EPHRAIM—Jeff Reynolds was hired as a collegiate volleyball coach on Feb. 1, 2016.
He’d been a high school coach for one year.
On Friday, Reynolds won his third conference championship in four seasons with Snow College.
And the Badgers are as good as ever this season. They are 21-2, with a 9-1 conference record. They have been nationally ranked sixth or higher each week of this season. They won six of their last seven matches in straight sets.
They posted a 9-2 record against nationally ranked opponents. And they won 10 straight matches to finish the regular season in advance of their Region 18 tournament beginning at 7 p.m. Friday at the Sevier Valley Center in Richfield.
“It’s been a nice year,” Reynolds said.
When asked if Reynolds meant a national championship when he said his team had “certain goals” that needed to involve a conference title, Reynolds said this:
“I don’t know why you would compete at the collegiate level and winning at the highest level wouldn’t be one of your goals. I don’t know why you would throw yourself short in that aspect. … If you sell yourself short, then what lessons are you missing out on?
“We have the goal of being as successful as we can and you can fill in the blank from there,” Reynolds told the Sanpete Messenger.

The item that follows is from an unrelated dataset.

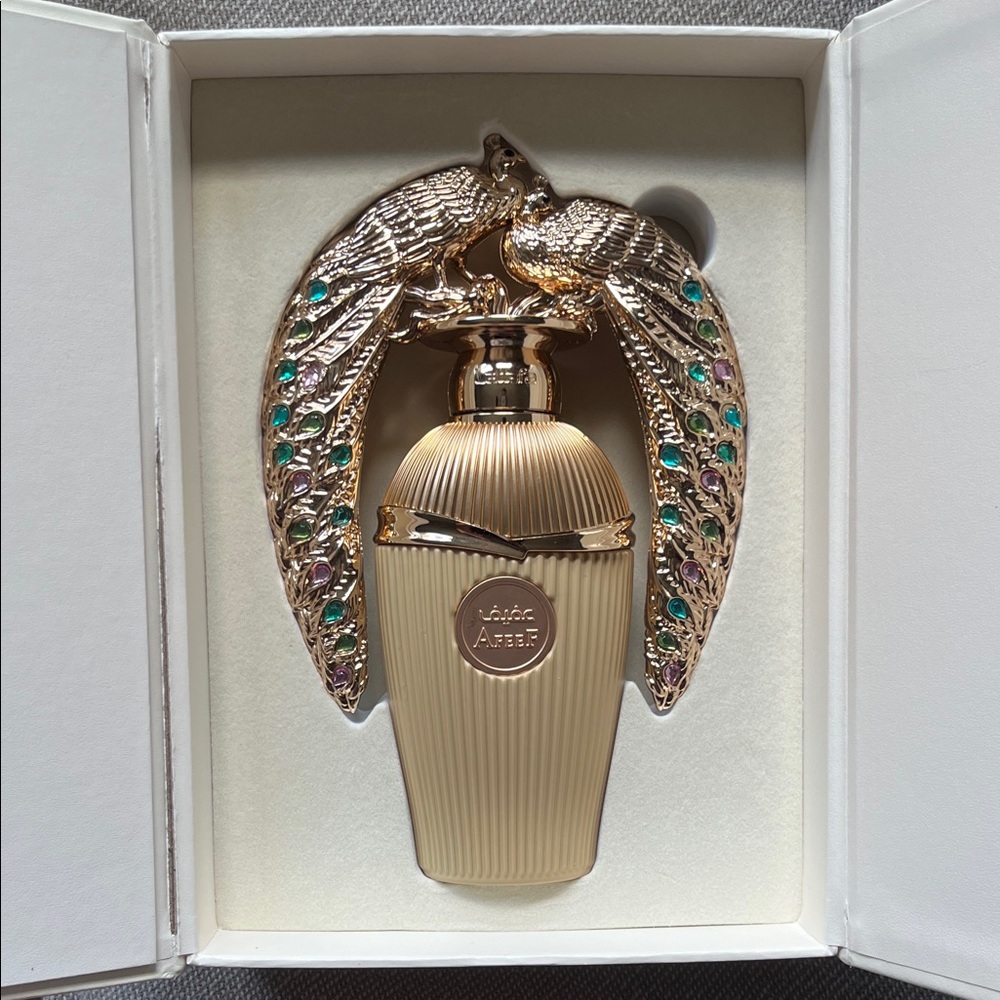 Lattafa Afeef perfume new in box peacock bottle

“I’m proud of the girls,” Reynolds said. “They showed a maturity and a focus that has been impressive to watch as a coach,”
Speaking on that “maturity and focus,” Reynolds pointed out “little things that happen” on a college campus with girls (“or boys, it doesn’t matter,” Reynolds said) between 18 and 20 years old. Reynolds said that the team is here to go to class and accomplish its goals.
“We can talk about focus, but it takes a maturity to focus,” Reynolds said. “It’s expected in our culture that when you play volleyball at Snow College, that you are going to be here and do this and be here and do that.”
Having focus despite being young is one of the things that Reynolds and his assistant coaches look for in the recruiting process, he said.
Reynolds said, “We’ve learned some valuable lessons the past couple years about how to manage the postseason, and that experience feels like it’s paying off.” Lessons learned include not playing too many games.
Previously, Snow was “beat up” and “duct taped” at the national tournament and Reynolds lost one of his players to an ankle injury. So this year, Reynolds didn’t have his team play in the final week of non-region play.
And Reynolds feels that two seasons ago, the team didn’t show up at nationals, instead being impressed to reach that level for the first time in nearly four decades.
COVID-19 presented the biggest block on the Badgers’ path to a title, Reynolds said, presenting a scenario: “If the girl tests positive, who was she around? Who has to go into quarantine?”
Also, various gyms in which Snow played had different rules, from no high-fives allowed to no fans.
“It’s been a big challenge moving our season from the fall to the spring,” Reynolds added.
In five years, the community support has gone from “Oh, I didn’t know Snow had a volleyball team” to “When is your next game?” Reynolds said.
“I hope they come down to Richfield on Friday,” Reynolds said.